Data in this exercise:
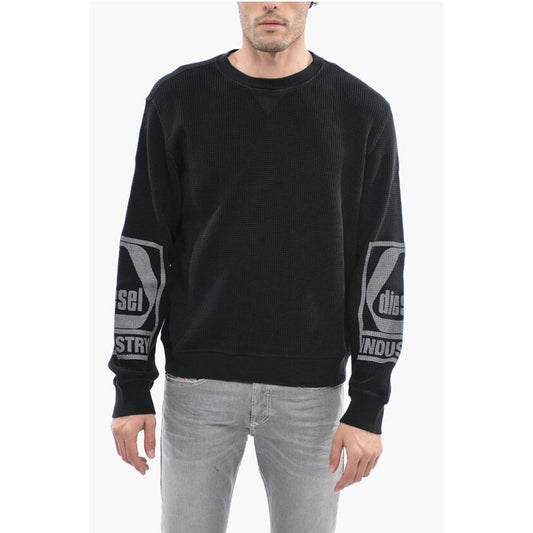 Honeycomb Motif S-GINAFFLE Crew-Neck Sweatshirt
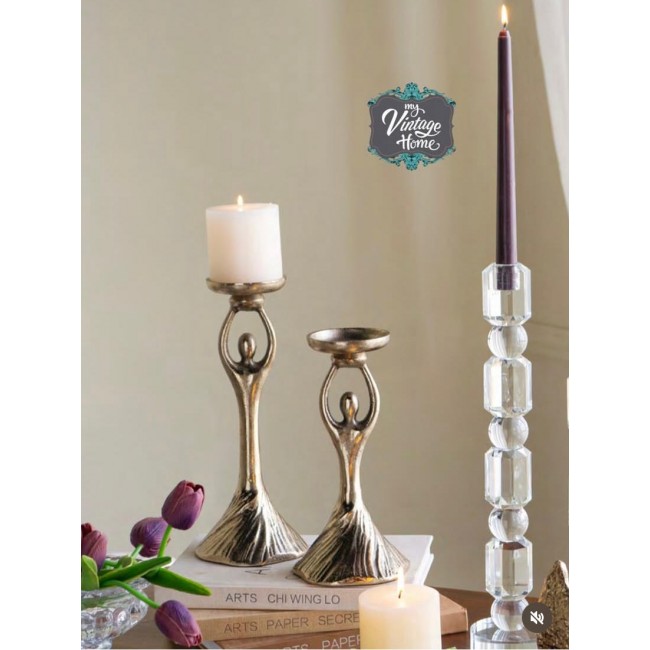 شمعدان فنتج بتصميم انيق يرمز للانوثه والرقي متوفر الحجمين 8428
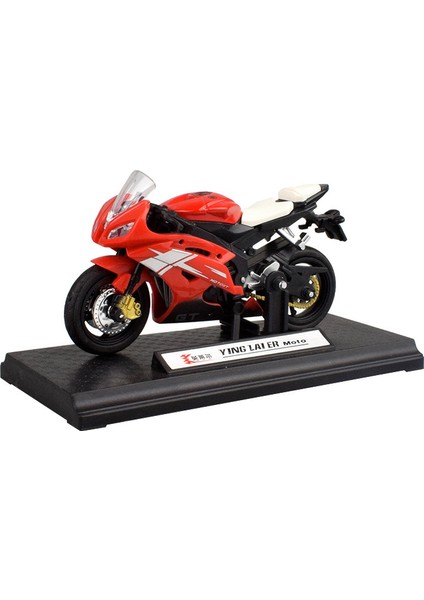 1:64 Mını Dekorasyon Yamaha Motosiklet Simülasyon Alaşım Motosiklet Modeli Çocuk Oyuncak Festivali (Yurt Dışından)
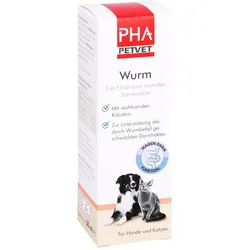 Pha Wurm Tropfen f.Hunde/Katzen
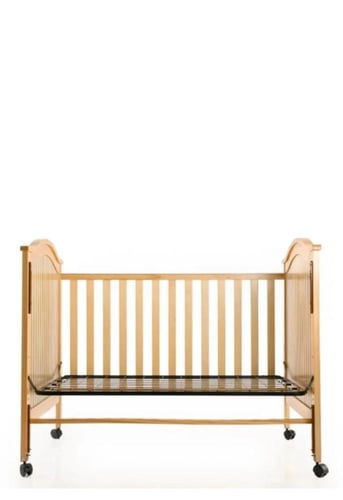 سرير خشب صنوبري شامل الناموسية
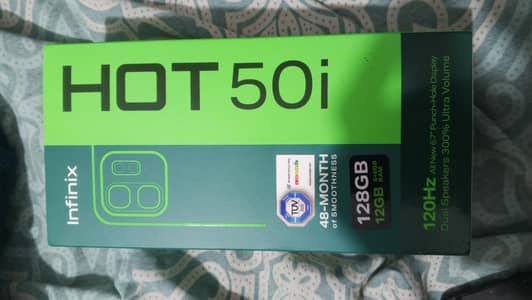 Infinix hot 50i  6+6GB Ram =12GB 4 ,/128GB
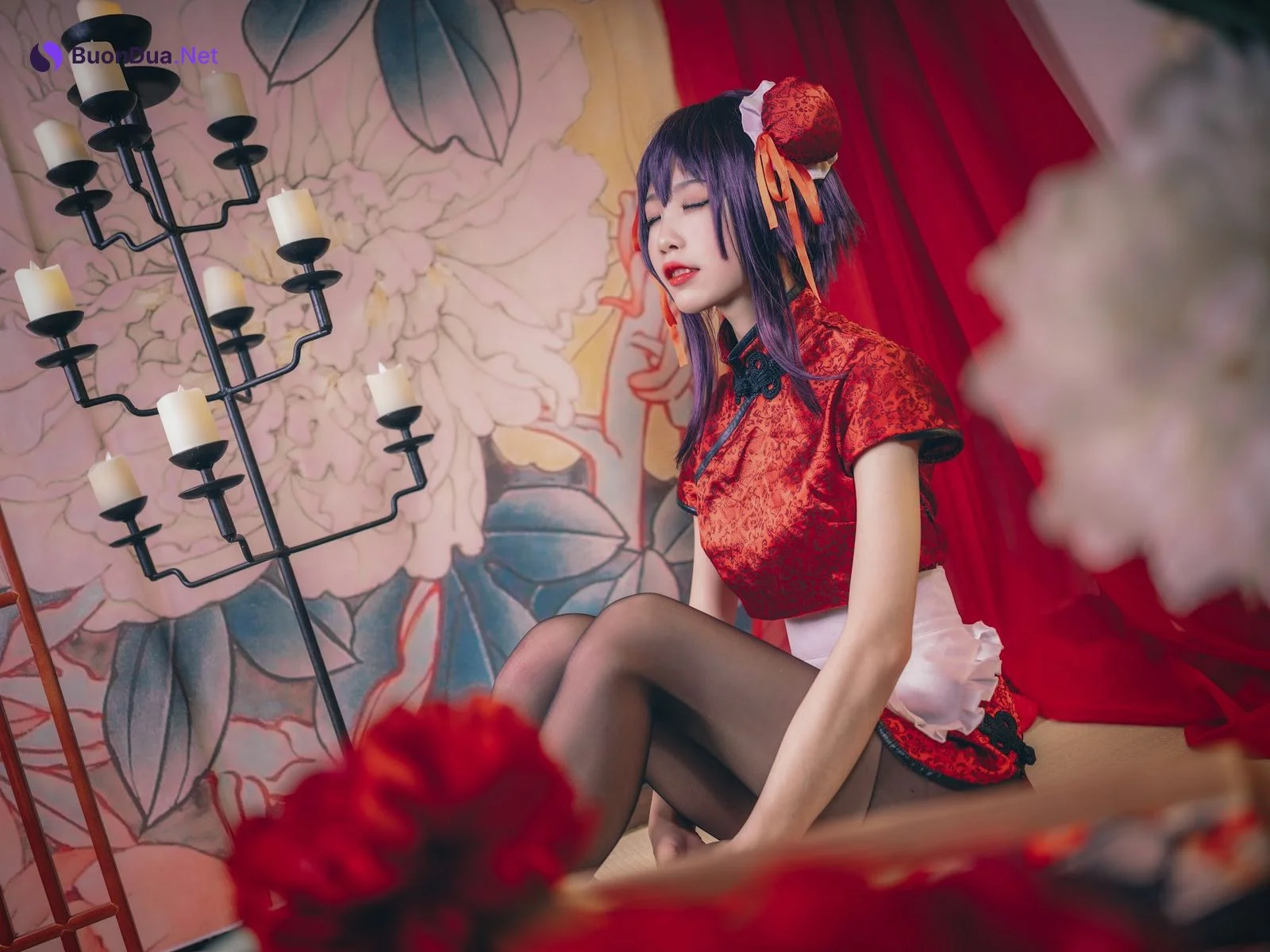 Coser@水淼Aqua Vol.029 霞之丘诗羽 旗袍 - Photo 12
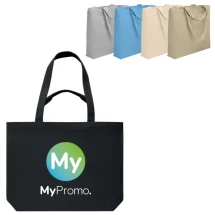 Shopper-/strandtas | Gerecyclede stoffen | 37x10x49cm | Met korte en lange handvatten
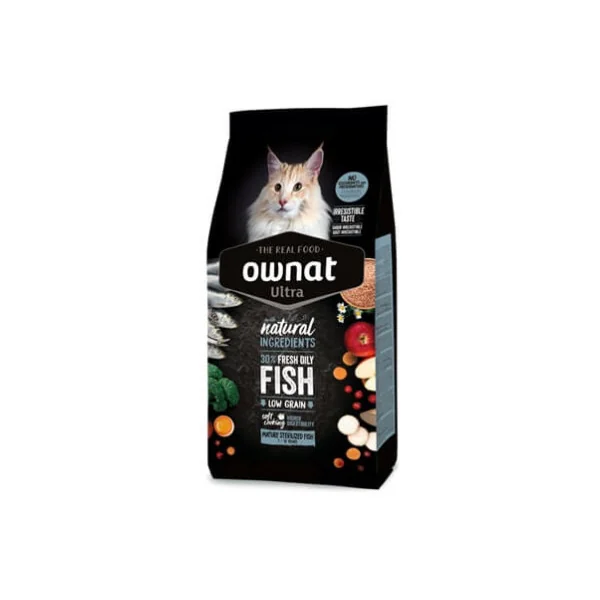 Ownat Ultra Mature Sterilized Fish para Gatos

...

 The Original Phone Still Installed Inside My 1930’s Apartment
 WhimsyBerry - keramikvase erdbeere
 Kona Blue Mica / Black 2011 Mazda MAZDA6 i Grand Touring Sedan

What needs to be done: Of the records above, print only the lines from the one containing "شمعدان فنتج بتصميم" through the one containing "Ownat Ultra Mature", inclusive and unaltered, leaving out pictures.

Task solution:
 شمعدان فنتج بتصميم انيق يرمز للانوثه والرقي متوفر الحجمين 8428
 1:64 Mını Dekorasyon Yamaha Motosiklet Simülasyon Alaşım Motosiklet Modeli Çocuk Oyuncak Festivali (Yurt Dışından)
 Pha Wurm Tropfen f.Hunde/Katzen
 سرير خشب صنوبري شامل الناموسية
 Infinix hot 50i  6+6GB Ram =12GB 4 ,/128GB
 Coser@水淼Aqua Vol.029 霞之丘诗羽 旗袍 - Photo 12
 Shopper-/strandtas | Gerecyclede stoffen | 37x10x49cm | Met korte en lange handvatten
 Ownat Ultra Mature Sterilized Fish para Gatos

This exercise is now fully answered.